On Tuesday, the trio of companies making insulin in the U.S. is due before a House subcommittee that has seized on the diabetes medicine as definitive evidence of spiraling out of control prescription drug prices. anyaivanova Images
For the second time in two weeks, the price of insulin will be under scrutiny on Capitol Hill in the week ahead.
On Tuesday, the trio of companies making insulin in the U.S. is due before a House subcommittee that has seized on the diabetes medicine as definitive evidence of spiraling out of control prescription drug prices. The group has already heard from a patient, a parent, and doctors. This coming week, the subcommittee is expected to hear from insulin manufacturers and the middlemen in the prescription drug business model, pharmacy benefit managers.
American company Eli Lilly, Sanofi from France and the Danish firm Novo Nordisk are responsible for most of the world’s supply of insulin. Prices have tripled in the past decade, according to IBM Watson Health data as reported by The Washington Post. The manufacturers have raised prices at least seven-fold since they introduced their drugs, far outpacing the rate of inflation.
These drugs represent big money to their makers and their shareholders. Eli Lilly’s insulin brand brought in 13 percent of the company’s U.S. sales last year, making it the company’s second highest selling medicine. Its best-selling medicine was a newer treatment for type 2 diabetes. The performance has helped Lilly stock jump 64 percent over the past year.

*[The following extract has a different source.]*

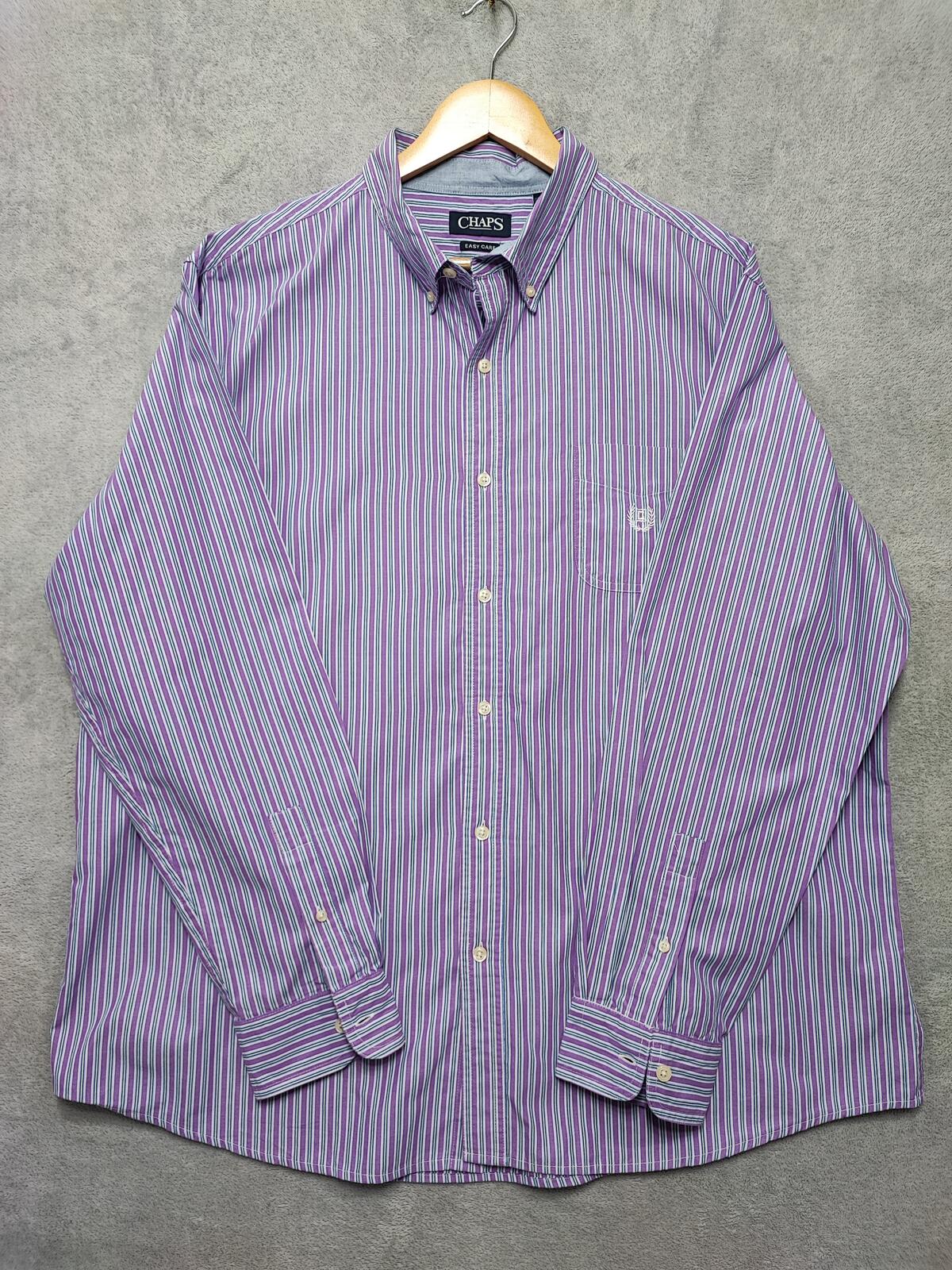 Vintage Chaps Striped Long Sleeve Easy Care Preppy Shirt Purple Men Size XXL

The middlemen are supposed to be buffers between the drug makers and the patients that rely on the medicine. These middlemen are called pharmacy benefit managers — PBM for short. ExpressScripts owned by health insurer Cigna, Caremark run by pharmacy retailer CVS, and OptumRx a unit of health insurer UnitedHealth Group, also are expected at this hearing.
These PBMs bargain with the drug makers over prices. Some of that discount winds up in the price of the drug paid by patients. Some winds up as profit for the PBMs. The deeper the discounts, the more incentive to drug makers to raise their initial prices.
The drug makers may blame escalating prices on the middlemen; and the middlemen may blame the makers. In the end, it’s patients who pay.